Task item: Exact reproduction is required for the lines below starting at the line with "Verify it. It" and ending at the line with "Hi friends, welcome", both included. No other lines, and no pictures.

Data for the task:

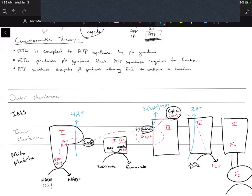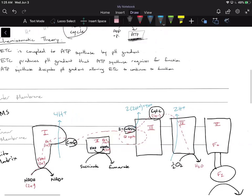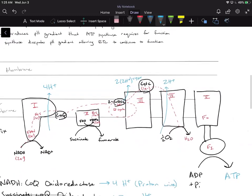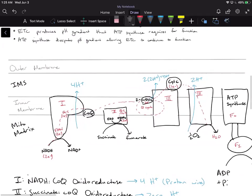In the previous video we gave a big picture idea of how the electron transport chain is coupled to ATP synthase, allowing us to take electrons from NADH and FADH2 and create a proton gradient or electrochemical gradient, which ATP synthase then harnesses to make ATP. The electron transport chain produces the pH gradient that ATP synthase requires for function, and ATP synthase dissipates that pH gradient allowing the electron transport chain to continue — meaning they need each other.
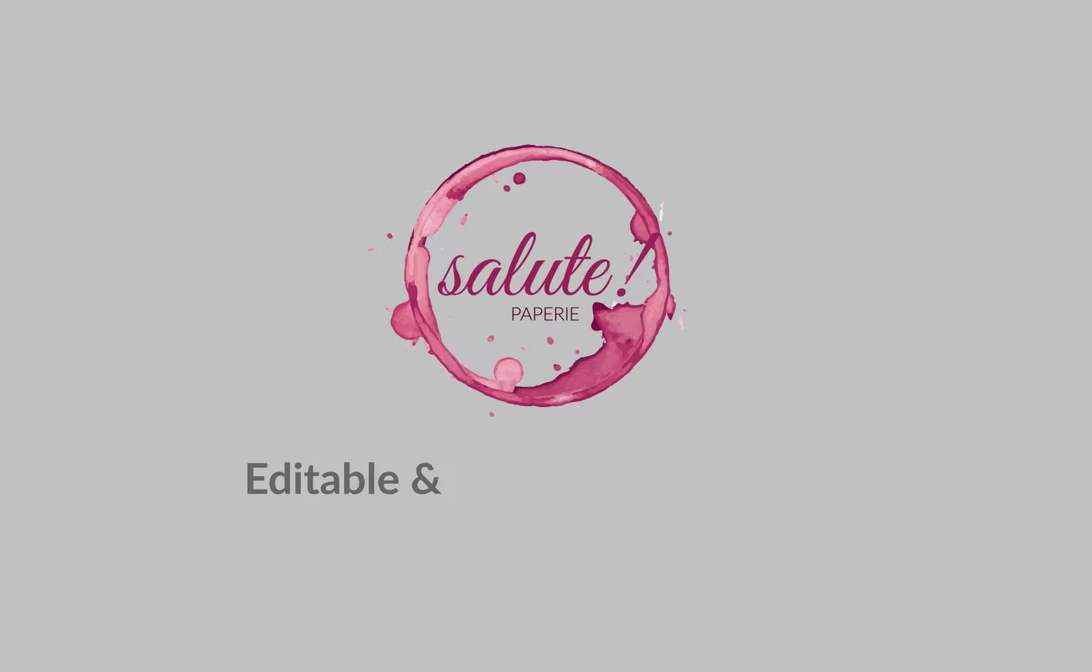Hey everybody, it's Victor from Salute Papery and today I'm going to show you how easy it is to edit the templates available through my Etsy shop.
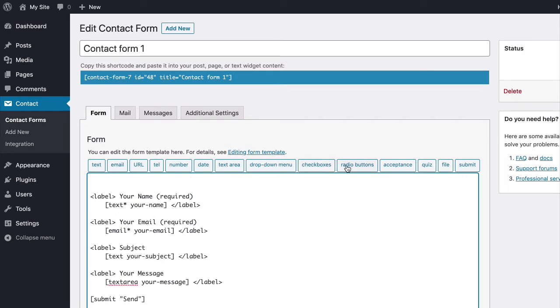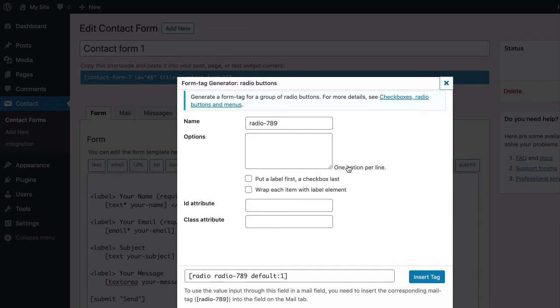Then, click the radio buttons button. Give a name to the radio buttons field.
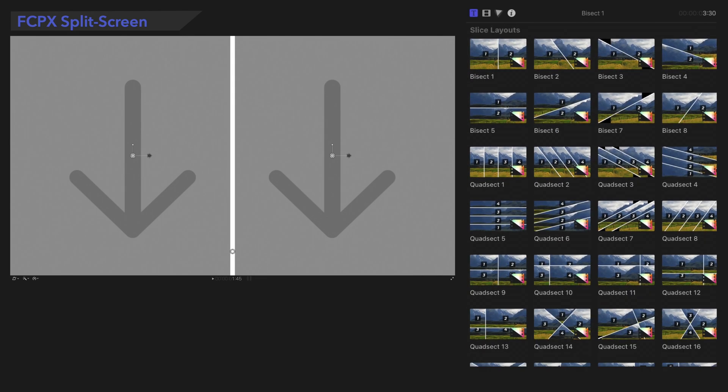These presets all have the same controls, and we'll demonstrate how they work using this preset by Sect 1.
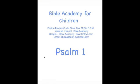Heavenly Father, we thank you again for the opportunity and the privilege to study your Word. We ask that you will open our hearts and our minds, that we will learn your Word so we can follow you better. In Jesus' name, amen.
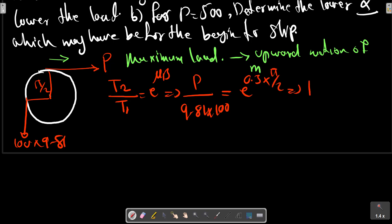P equals T2. For the downward impending motion case, we again apply the friction formula with T2 and T1.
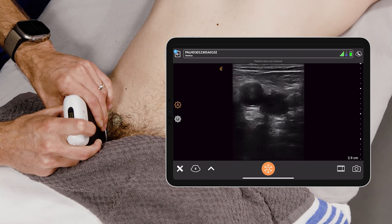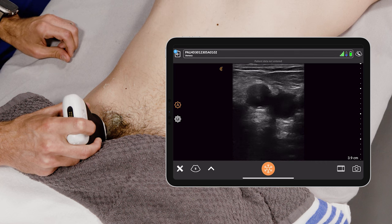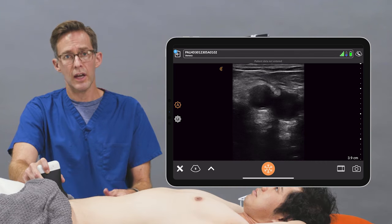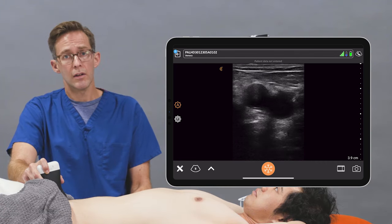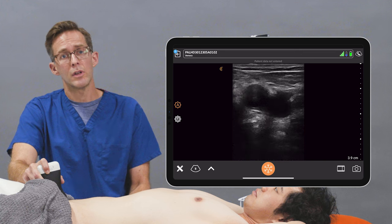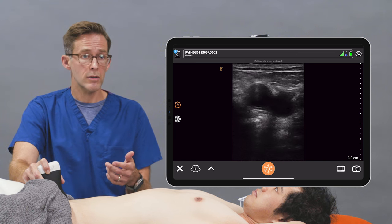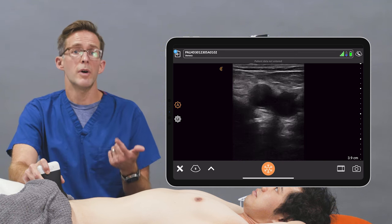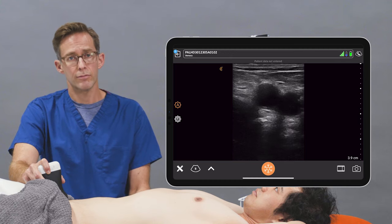To cannulate, you'll be working on a short axis view. You'll use sterile precautions and a normal Seldinger technique for a femoral central line. Ultrasound affords you better accuracy and minimizes complications. Thank you.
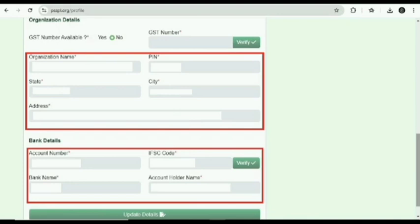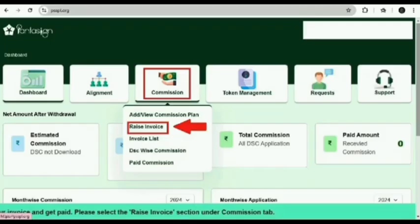Verify it. It may be possible that bank detail will not get verified automatically, so you have to mention it manually and then click on the bottom column update details.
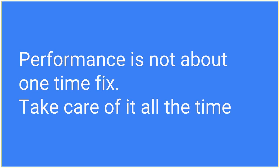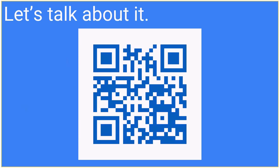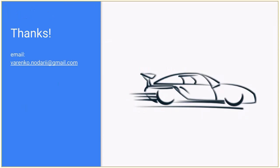And the very last thought that you will need to understand: performance is not about one time fix. Take care of it all the time. That means that you will need to optimize it, then monitor it and repeat this cycle every time with almost every build depending on your SDLC. So the link to the presentation for the conference so people can get link right now. Thanks, any questions?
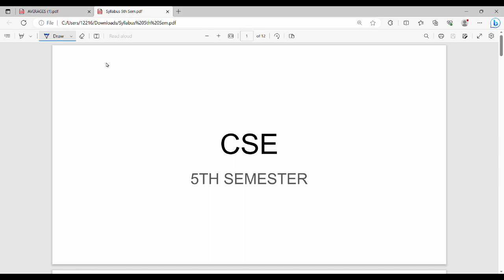Hi friends, welcome back to BECAUSE. We are already finished with the 4th semester and 5th semester. In this video, we will talk about CAC in the 5th semester syllabus.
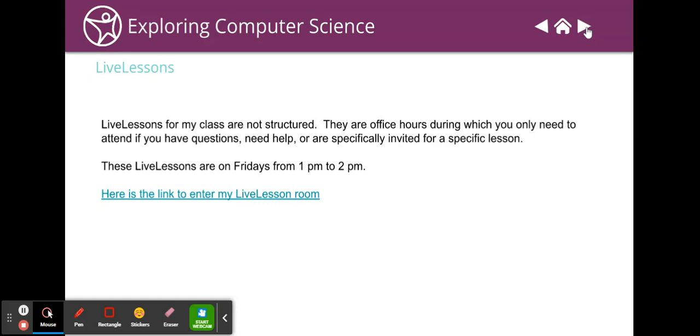Live lessons for my class are not structured and you only need to attend if you're invited or if you have a question, if you need help, something like that. You get stuck on that portfolio, feel free to call me or attend live lesson on Fridays from one to two. I probably will have a live lesson to do the portfolio together with students who have trouble, but that probably will be not on Friday from one to two. It'll probably be a different time and I will send out invites.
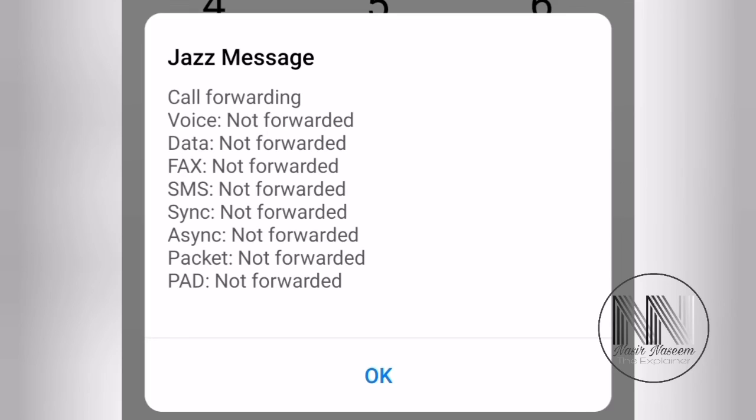And now you can see that all the forwarding services are cancelled, are blocked, and now the phone is secured.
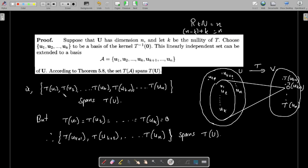Consider the set {T(u1), T(u2), ..., T(uk), T(uk+1), ..., T(um)}. This set spans T(U) because {u1, ..., um} is a basis of U and hence spans U, so T of that spanning set spans T(U). But T(u1), T(u2), ..., T(uk) are all zero, since u1, ..., uk belong to the kernel and are mapped to zero. Therefore, the remaining elements T(uk+1), T(uk+2), ..., T(um) span T(U).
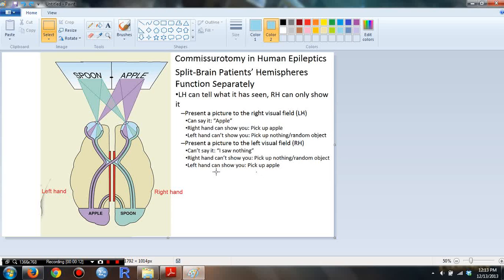So let's just say I'm a split brain patient. This is my left hand, this is my right hand. This is my left hemisphere, right hemisphere, left visual field, right visual field.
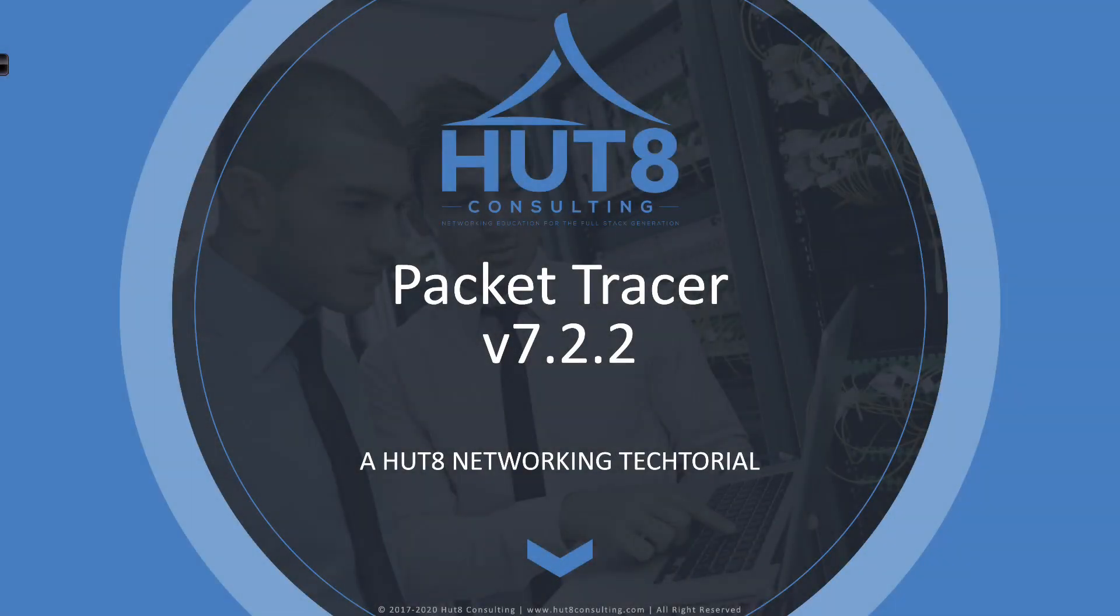Welcome to this Hut 8 Networking Tech Tutorial. I've got some really exciting news to announce, and that is that Cisco Networking Academy has just released Packet Tracer version 7.2.2.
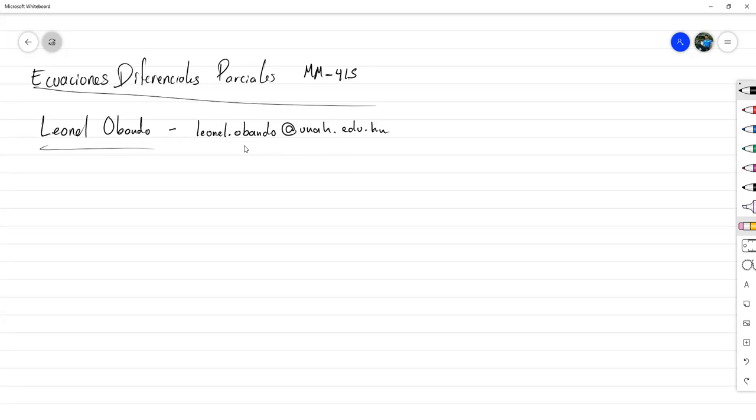Otro método de contacto es el grupo de Telegram, para cualquier consulta más inmediata.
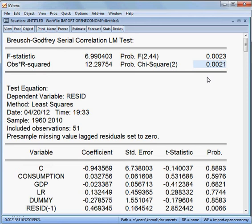Here we are rejecting the null hypothesis, meaning that this model has serial correlation. We are not happy about it, because each and every model after estimating should not have any serial correlation. But here our model has serial correlation, so we are not happy about it.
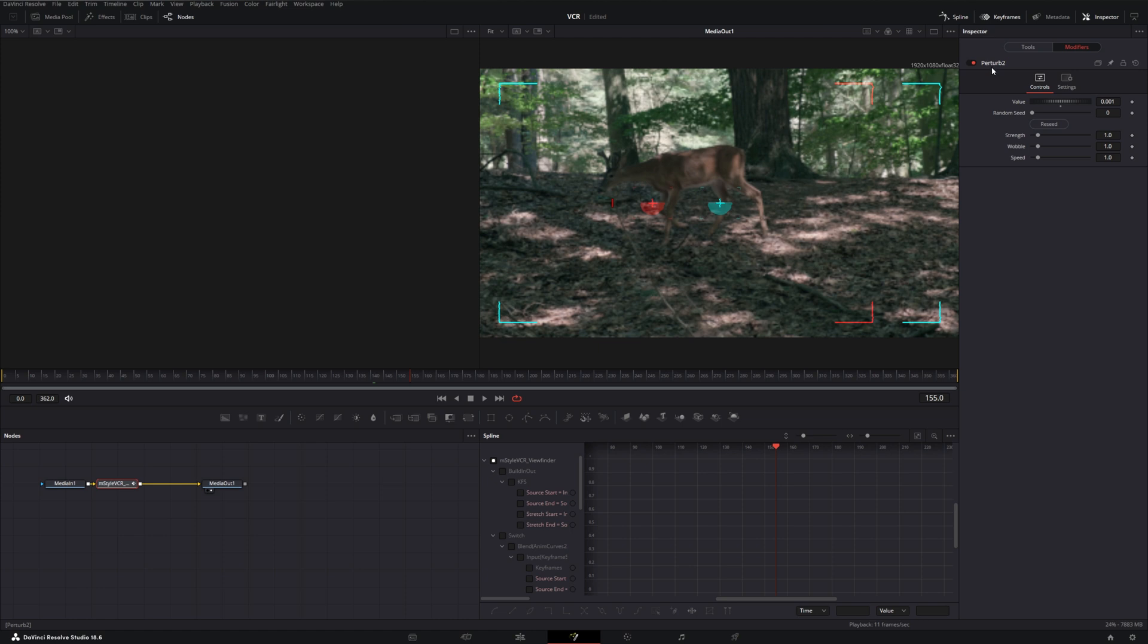We can just bring our value to zero, and then let's bring Strength way down to, let's just say, 0.02. And then we can just increase our Speed. Speed of 10 might not actually be enough, so we can just type in here and let's just make it 50.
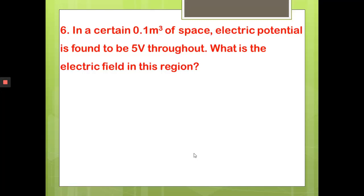Question 6: In a certain 0.1 m³ region of space, the electric potential is found to be 5 V throughout. What is the electric field in this region? The volume is 0.1 m³ and electric potential is 5 V. The formula relating electric field and electric potential is E equals −dV/dr. Since the potential is the same throughout — 5 V everywhere — the change in potential dV equals zero. Therefore the electric field E equals zero.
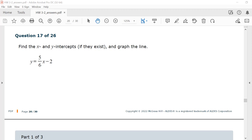We're going to try to finish up homework 3-2. This is question number 17. Find the x and y intercepts if they exist and graph the line.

Answer area:
Verify it. It may be possible that bank detail will not get verified automatically, so you have to mention it manually and then click on the bottom column update details.
And the very last thought that you will need to understand: performance is not about one time fix. Take care of it all the time. That means that you will need to optimize it, then monitor it and repeat this cycle every time with almost every build depending on your SDLC. So the link to the presentation for the conference so people can get link right now. Thanks, any questions?
Hi friends, welcome back to BECAUSE. We are already finished with the 4th semester and 5th semester. In this video, we will talk about CAC in the 5th semester syllabus.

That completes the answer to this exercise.